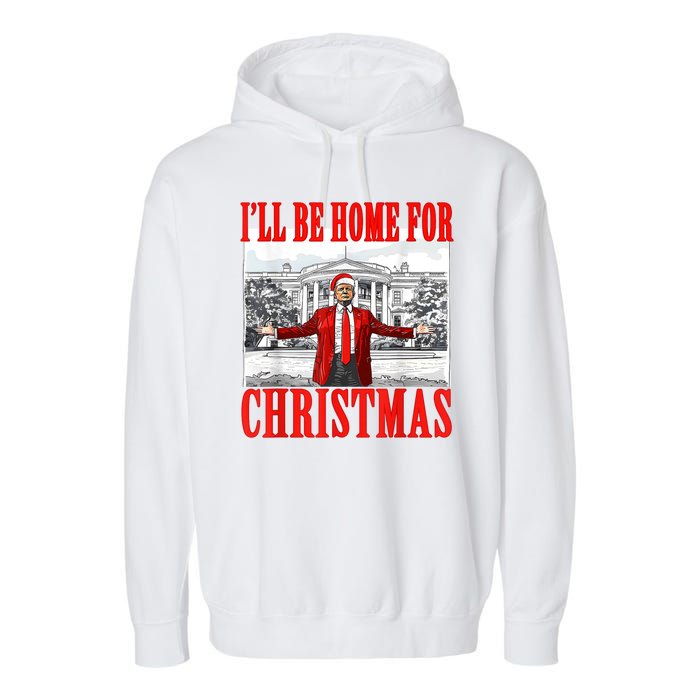 ILl Be Home For Christmas Funny Donald Trump Garment-Dyed Fleece Hoodie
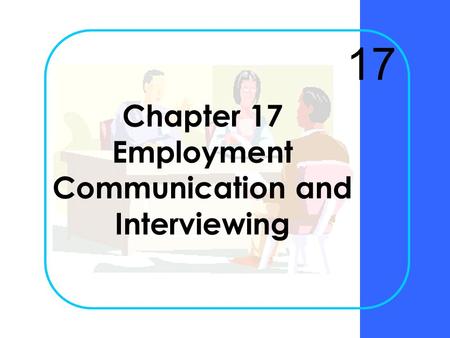 Chapter 17 Employment Communication and Interviewing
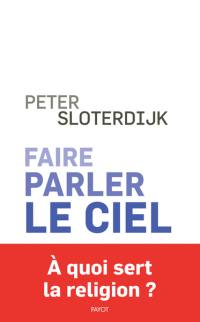 Faire parler le ciel : de la théopoésie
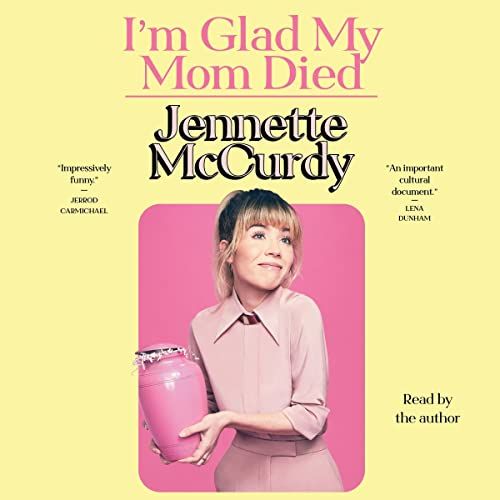 Audiobook cover of I'm Glad My Mom Died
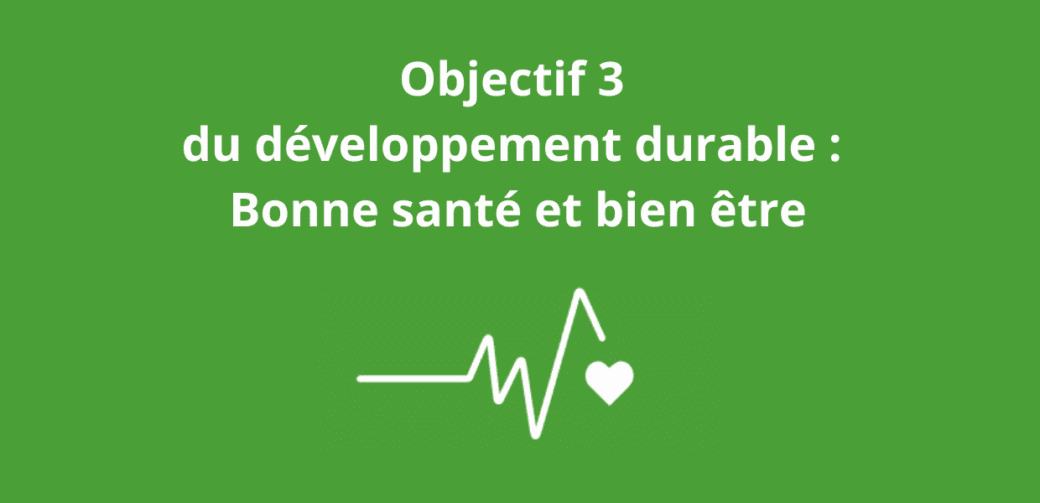 Objectif 3 du développement durable Bonne santé et bien être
★ ★ ★ ★
Without the images, print all of the lines above exactly.

 ILl Be Home For Christmas Funny Donald Trump Garment-Dyed Fleece Hoodie
 Chapter 17 Employment Communication and Interviewing
 Faire parler le ciel : de la théopoésie
 Audiobook cover of I'm Glad My Mom Died
 Objectif 3 du développement durable Bonne santé et bien être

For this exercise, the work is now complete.